The Columbus Blue Jackets were one of the many teams on Friday that made a splash in the free agent market. The team locked up 27-year- old defenseman James Wisniewski to a six-year deal worth $33 million.
This, combined with the acquisition of Jeff Carter, filled two of the Blue Jackets' most important needs. The other need for the Jackets was a goaltender to backup youngster Steve Mason.
There was a surplus of goaltenders available at noon today, including Ray Emery, Tomas Vokoun, Peter Budaj, Jose Theodore, Semyon Varlamov, Josh Harding, Brian Boucher, Mike Smith and Jean-Sebastien Giguere, just to name a few.
Another option the Jackets had was to re-sign backup Mathieu Garon, but it seemed like Columbus would be looking elsewhere.
As free agency began, goaltenders were being snatched up left and right. Montreal signed Budaj, Carolina signed Boucher, Phoenix signed Smith and Colorado won the goaltender frenzy signing both Giguere and Varlamov. Mathieu Garon would also find success being signed by Tampa Bay.
At the end of the day, the Blue Jackets were not able to acquire any of the above mentioned goaltenders. Instead, Columbus agreed to deals with two goaltenders in Mark Dekanich and Curtis Sanford.
Sanford received a two-way deal and will most likely spend most of next season in the Jackets' American Hockey League affiliate in Springfield.
While general manager Scott Howson, according to the Columbus Dispatch, said that Dekanich will be the other Blue Jacket goalie next season:
"We think he's ready," Howson said. "It's a bit of a risk but we think he's ready. Given what was available after a few hours, no doubt. There are top goalies in the American League who are ready for a chance. Eventually, these guys play. Why can't they play here?"
Dekanich has played three seasons with the Milwaukee Admirals, the AHL affiliate of the Nashville Predators, but was never able to acquire the backup role behind Vezina trophy finalist Pekka Rinne.
With the acquisition of two minor league goalies, it is clear that the No. 1 goaltender job this season is Steve Mason's to lose.
Mason has struggled the past two seasons and it was unclear whether or not the Canadian netminder would be playing elsewhere come next season.
Mason is still young at only 23 years old and the Calder trophy winner still has a lot of potential. However, it is clear that Howson is becoming impatient as he was looking to deal Mason before last season's trade deadline and at the end of this season.

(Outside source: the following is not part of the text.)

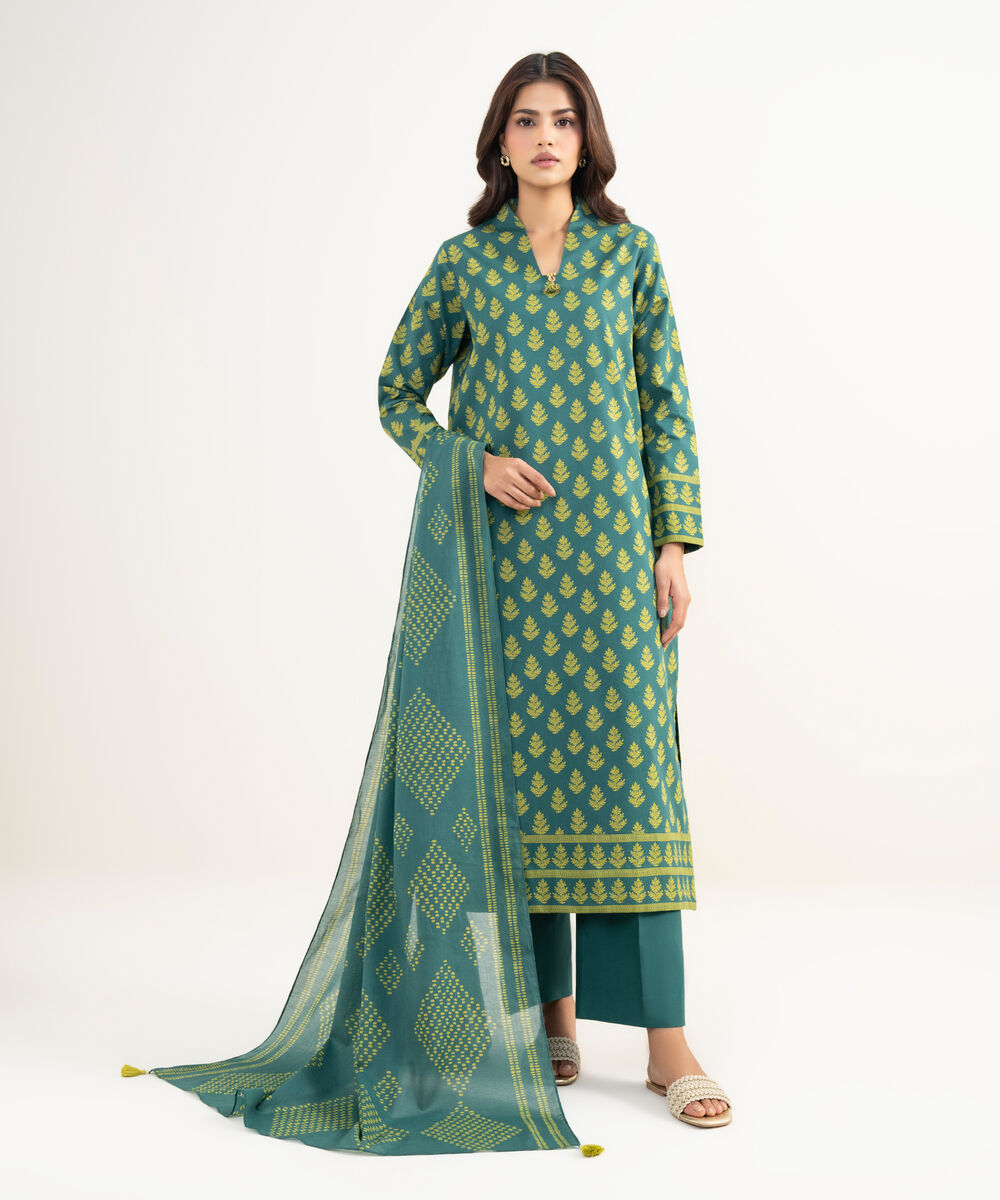 Women's Unstitched Lawn Printed Green 3 Piece Suit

One of Mason's main issues the past two seasons was his consistency. When he was playing well, there was no way opposing teams were getting pucks past him. This past season, Mason's best stretch came in the month of February when he won seven of his nine starts.
However, when Mason struggled, it seemed that he could never recover. After his hot February, Mason would go on to win only two of his final 14 starts.
All the blame cannot be placed among Steve Mason's shoulders. One problem affecting him was that their goaltending coach, Dave Rook, only worked part-time. At times, Rook was not around to help Mason when he struggled to regain his confidence.
Howson fixed this issue with the hire of goaltending coach Ian Clark. Clark will work full-time to bring Mason back to where he was when he put up impressive numbers in his rookie season.
The other problem that was out of Mason's control was the abysmal defense in front of him. Mason will find a completely different defense in front of him next season with the release of Jan Hejda, Mike Commodore, Sami Lepisto, Anton Stralman and Craig Rivet.
The addition of James Wisniewski today is an upgrade in itself for Mason and the Jackets will still look to add another defenseman before the season starts in October.
At the end of the day, Steve Mason's job is still safe, but he is out of excuses. If he continues to show signs of inconsistency, head coach Scott Arniel may look to the inexperienced and unproven Dekanich.
If Mason cannot find his winning ways this season, then the team will most likely cut ties with their 2006 draft pick.